Marrakech sobre un vivo recuerdo

Durante años,  la ciudad de Marrakech – brutalmente despedazada por las entrañas de un monstruoso terremoto - constituyó una parte  apasionante y afectiva de mi  existencia, cuyo recuerdo  sigue  hoy fusionado sobre el cuerpo ya lacerado.  

Alá sabrá el  fundamento de ese desgarrado escarmiento sobre hombres, mujeres y niños inocentes, y aún así, nuestro azaroso discernimiento se ha transmutado en saliva, mientras  los pueblos bereberes   de la cordillera del Atlas marroquí, entre desfiladeros y barrancos, le siguen inquiriendo al edén protector, mientras   preguntan la  Meca:  ¿Por qué Alá nos ha olvidado? 

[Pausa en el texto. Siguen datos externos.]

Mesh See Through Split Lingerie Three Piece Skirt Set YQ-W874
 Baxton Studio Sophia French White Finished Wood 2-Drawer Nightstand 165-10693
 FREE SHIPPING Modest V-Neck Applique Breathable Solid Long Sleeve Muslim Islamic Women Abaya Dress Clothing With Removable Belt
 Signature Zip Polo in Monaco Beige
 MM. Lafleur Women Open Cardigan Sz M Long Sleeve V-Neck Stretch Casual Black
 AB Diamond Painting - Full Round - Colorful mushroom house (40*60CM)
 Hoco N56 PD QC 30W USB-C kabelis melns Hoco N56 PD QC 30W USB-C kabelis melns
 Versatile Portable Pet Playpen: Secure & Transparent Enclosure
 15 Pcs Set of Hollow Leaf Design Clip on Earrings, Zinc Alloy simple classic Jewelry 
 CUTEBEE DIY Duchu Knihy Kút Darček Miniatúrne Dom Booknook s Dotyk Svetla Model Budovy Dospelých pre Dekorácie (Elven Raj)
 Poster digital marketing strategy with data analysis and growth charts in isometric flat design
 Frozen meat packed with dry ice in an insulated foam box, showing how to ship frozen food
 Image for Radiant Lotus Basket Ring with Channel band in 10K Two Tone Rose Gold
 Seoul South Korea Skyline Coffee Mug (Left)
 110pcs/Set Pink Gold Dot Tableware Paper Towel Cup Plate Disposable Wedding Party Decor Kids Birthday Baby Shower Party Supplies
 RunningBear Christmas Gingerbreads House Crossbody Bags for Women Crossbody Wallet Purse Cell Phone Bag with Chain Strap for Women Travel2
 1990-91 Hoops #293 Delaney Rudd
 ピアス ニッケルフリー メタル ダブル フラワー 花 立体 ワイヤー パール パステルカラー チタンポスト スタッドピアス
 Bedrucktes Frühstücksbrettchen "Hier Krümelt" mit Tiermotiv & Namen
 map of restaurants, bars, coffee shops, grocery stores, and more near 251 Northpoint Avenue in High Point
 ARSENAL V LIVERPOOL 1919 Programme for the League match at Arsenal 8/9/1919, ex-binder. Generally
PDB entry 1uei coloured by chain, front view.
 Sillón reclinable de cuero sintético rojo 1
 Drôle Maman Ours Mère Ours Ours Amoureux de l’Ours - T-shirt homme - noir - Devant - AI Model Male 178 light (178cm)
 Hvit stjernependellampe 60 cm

 A partir del  momento malévolo  en que el terremoto demolió  Marrakech, el pensamiento volvió a las recordadas cumbres montañosas, en cuyos meandros,  lugar en que las gacelas siguen buscando  la frescura  de las primeras brumas de la noche, nuestra  mirada se adormilaba sobre un cielo estrellado que casi podíamos palpar con las manos. 

Cada año, ya en época del gran Mulay Ismail, descendientes jerifianos  del profeta Mahoma, rendían pleitesía a los sultanes de Marrakech y colocaban bajo su protección a las distintas tribus nómadas de la misteriosa región, tan extraña y profunda como un cuento de Paul Bowles al  desgarro del  antiguo “Café  Glaciar”, con su galería única hacia la plaza  Jemaa el Fna, un mosaico humano de tenderetes que ofrecen lo inimaginable dentro de una barahúnda de comprar y vender.  

 Allí todo se consigue. Es un espectáculo imponderable, asombroso.  Uno acude a la inmensa plaza a sentir, palpar, absorber, degustar platos rebosantes de especies, saborear té de menta, escuchar músicos improvisados y pasmarse ante unos monos remontando a nuestra espalda o serpientes adormiladas que un flautín hace subir del suelo empolvado, mientras la gran explanada   se llena  de pasmosas historias de Aladino o Simbad el Marino.  

Se mueven  aguadores de coloridos atuendos y añejas adivinadoras con cartas de Beirut, mientras doradas turistas nórdicas idealizan  con ser raptadas por  un mercader de esclavos y  llevadas a disfrutar una luna  de lujuria en los aposentos del hotel La Mamounia, en donde cada una de ellas será una nueva   Sherezade del serrallo.  

Y ahora,  bajo el apesadumbrado ramalazo que nos aflige, la tragedia de  Marrakech se hace  más profundamente nuestra, al  haber  convivo añadas en esa heredad  que me envolvió la sangre de té verde.